Data listing:

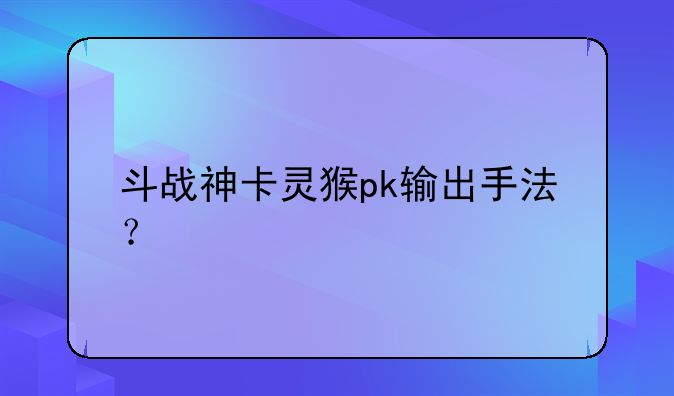 斗战神卡灵猴pk输出手法？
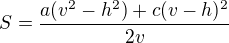 $S=\frac{a(v^2-h^2)+c(v-h)^2}{2v}$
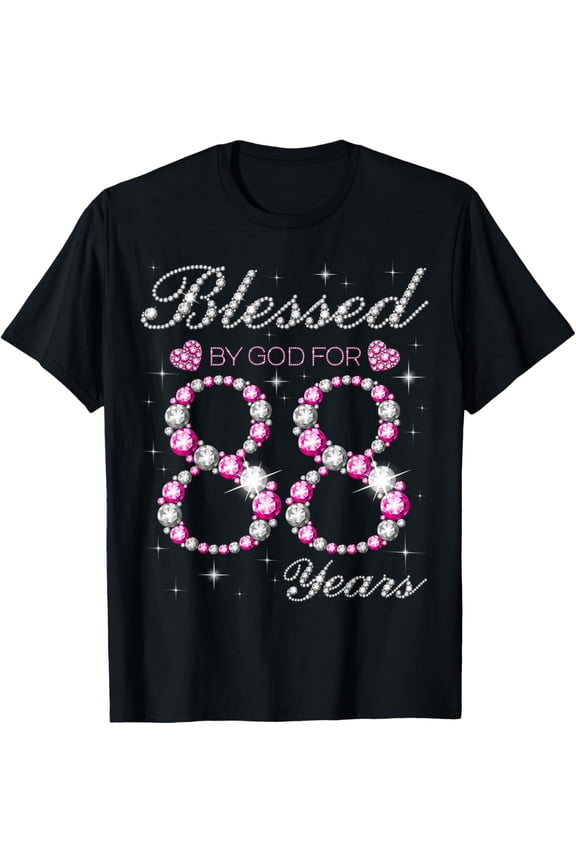 Blessed By God For 88 Years Old 88th Birthday Party B-day T-Shirt100% cotton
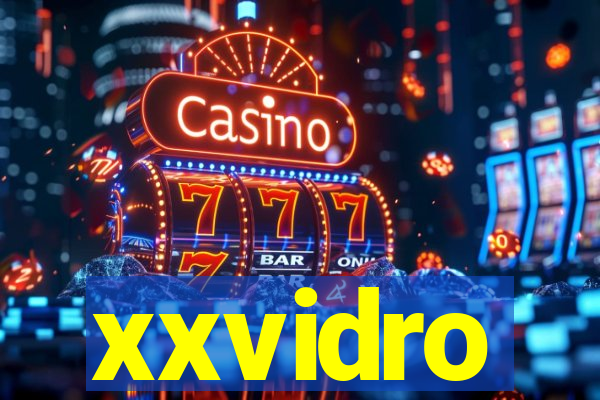 xxvidro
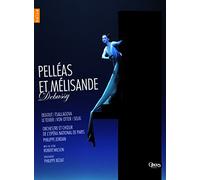 Claude Debussy - Pelléas et Mélisande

Problem statement: The output is to be the material in full and unaltered, with pictures omitted.

Answer space:
 斗战神卡灵猴pk输出手法？
 $S=\frac{a(v^2-h^2)+c(v-h)^2}{2v}$
 Blessed By God For 88 Years Old 88th Birthday Party B-day T-Shirt100% cotton
 xxvidro
 Claude Debussy - Pelléas et Mélisande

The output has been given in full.